Overeengekomen prestaties
2.7. Injection en [gedaagde] zijn het erover eens dat Injection er in het kader van de overeenkomst voor moest zorgen dat er aan drie zijden een damwand moest worden geheid en dat in de bodem van de bouwput een horizontale waterremmende laag moest worden aangebracht door middel van het verticaal injecteren van natronwaterglas. Zij zijn het er zoals gezegd ook over eens dat [gedaagde] zou zorgen voor open bemaling door middel van klokpompen.
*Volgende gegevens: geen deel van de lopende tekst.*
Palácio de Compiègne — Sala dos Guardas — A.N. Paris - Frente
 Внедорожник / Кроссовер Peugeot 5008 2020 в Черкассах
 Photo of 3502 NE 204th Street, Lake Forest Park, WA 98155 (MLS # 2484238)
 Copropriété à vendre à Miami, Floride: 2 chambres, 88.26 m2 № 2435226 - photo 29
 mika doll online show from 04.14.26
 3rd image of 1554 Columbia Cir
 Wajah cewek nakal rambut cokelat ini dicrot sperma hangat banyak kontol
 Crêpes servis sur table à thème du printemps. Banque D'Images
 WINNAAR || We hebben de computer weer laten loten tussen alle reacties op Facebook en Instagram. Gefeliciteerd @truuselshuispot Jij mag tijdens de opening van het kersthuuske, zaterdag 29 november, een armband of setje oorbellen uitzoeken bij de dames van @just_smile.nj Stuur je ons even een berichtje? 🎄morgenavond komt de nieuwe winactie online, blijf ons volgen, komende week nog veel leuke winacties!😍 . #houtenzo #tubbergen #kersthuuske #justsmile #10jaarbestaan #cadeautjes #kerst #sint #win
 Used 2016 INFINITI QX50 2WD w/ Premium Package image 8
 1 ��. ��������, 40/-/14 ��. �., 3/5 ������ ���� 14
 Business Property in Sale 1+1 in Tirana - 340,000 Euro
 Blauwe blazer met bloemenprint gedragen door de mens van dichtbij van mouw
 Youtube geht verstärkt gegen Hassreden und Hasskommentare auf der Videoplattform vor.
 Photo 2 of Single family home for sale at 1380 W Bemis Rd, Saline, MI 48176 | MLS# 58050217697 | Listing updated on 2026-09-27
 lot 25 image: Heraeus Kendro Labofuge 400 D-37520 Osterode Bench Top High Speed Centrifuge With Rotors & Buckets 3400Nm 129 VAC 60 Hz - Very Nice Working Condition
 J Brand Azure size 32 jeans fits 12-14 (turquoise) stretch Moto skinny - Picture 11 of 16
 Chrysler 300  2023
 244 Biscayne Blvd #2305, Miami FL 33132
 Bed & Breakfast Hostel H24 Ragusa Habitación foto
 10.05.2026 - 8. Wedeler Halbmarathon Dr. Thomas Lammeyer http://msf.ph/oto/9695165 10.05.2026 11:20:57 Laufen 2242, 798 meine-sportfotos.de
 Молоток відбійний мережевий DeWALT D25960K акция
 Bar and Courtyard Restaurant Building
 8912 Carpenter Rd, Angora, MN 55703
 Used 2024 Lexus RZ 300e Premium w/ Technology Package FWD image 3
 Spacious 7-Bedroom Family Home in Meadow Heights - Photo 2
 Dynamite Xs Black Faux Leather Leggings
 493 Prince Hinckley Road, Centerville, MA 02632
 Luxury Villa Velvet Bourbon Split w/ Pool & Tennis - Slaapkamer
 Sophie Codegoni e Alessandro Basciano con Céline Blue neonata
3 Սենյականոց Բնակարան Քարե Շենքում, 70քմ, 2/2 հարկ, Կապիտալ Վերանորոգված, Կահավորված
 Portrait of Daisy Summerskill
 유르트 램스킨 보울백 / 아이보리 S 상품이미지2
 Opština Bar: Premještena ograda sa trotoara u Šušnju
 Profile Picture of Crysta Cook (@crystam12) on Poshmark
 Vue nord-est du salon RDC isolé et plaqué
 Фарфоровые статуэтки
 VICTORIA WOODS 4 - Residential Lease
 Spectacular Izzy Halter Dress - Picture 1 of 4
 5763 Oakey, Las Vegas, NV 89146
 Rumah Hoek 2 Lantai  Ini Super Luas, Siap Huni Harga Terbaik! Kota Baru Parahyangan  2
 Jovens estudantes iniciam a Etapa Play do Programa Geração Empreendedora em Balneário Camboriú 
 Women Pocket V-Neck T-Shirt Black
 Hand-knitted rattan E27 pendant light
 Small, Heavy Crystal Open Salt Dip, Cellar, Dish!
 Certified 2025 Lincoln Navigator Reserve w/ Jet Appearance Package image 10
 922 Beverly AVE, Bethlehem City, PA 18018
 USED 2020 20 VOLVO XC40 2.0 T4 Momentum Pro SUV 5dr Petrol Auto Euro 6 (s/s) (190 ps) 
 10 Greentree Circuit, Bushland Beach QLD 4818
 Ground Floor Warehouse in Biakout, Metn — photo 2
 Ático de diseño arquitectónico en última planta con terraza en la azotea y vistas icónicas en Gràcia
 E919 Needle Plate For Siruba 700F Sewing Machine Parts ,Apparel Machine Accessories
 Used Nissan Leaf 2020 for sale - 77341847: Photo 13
2.8. Daarnaast volgt uit de getuigenverhoren dat Injection en [gedaagde] hebben afgesproken dat Injection door middel van injecties een verticale waterwerende laag moest aanbrengen tussen de twee damwanden die bijna tot aan de woning kwamen en de woning zelf. Dit blijkt uit:
- de omstandigheid dat de advocaat van [gedaagde], mr. Verbeek, tijdens het getuigenverhoor aan [A] het calculatieblad heeft getoond waarop staat ‘aansluiting tegen bestaande gebouw, aantal 2, lengte 7’, en hem daarbij heeft gevraagd of hij zich ervan bewust is geweest dat dit ziet op twee stroken van 7 meter diepte tussen de damwanden en het woonhuis, om de ruimte daartussen via een verticale injectie van 7 meter diepte waterdicht te maken, en dus niet op de ruimte onder de kelder
- de verklaring van [C], dat tijdens een bespreking voorafgaand aan de offerte is gesproken over het feit dat de damwanden niet helemaal tegen de woning aan zouden kunnen sluiten en dat er om die reden tussen de damwanden en de woning twee verticale kolommen zouden worden geïnjecteerd
- de verklaring van [D], dat er tijdens de bespreking van 28 november 2008 allereerst is besproken dat er twee smalle verticale kolommen geïnjecteerd zouden worden tussen de damwanden en het woonhuis, omdat de damwanden niet helemaal tot aan het woonhuis aansloten
- de verklaring van [F] dat Injection met een andere materiaal dan natronwaterglas, namelijk expanderend materiaal, de verticale kolommen heeft geïnjecteerd die hebben gezorgd voor de aansluiting van de damwanden op de woning.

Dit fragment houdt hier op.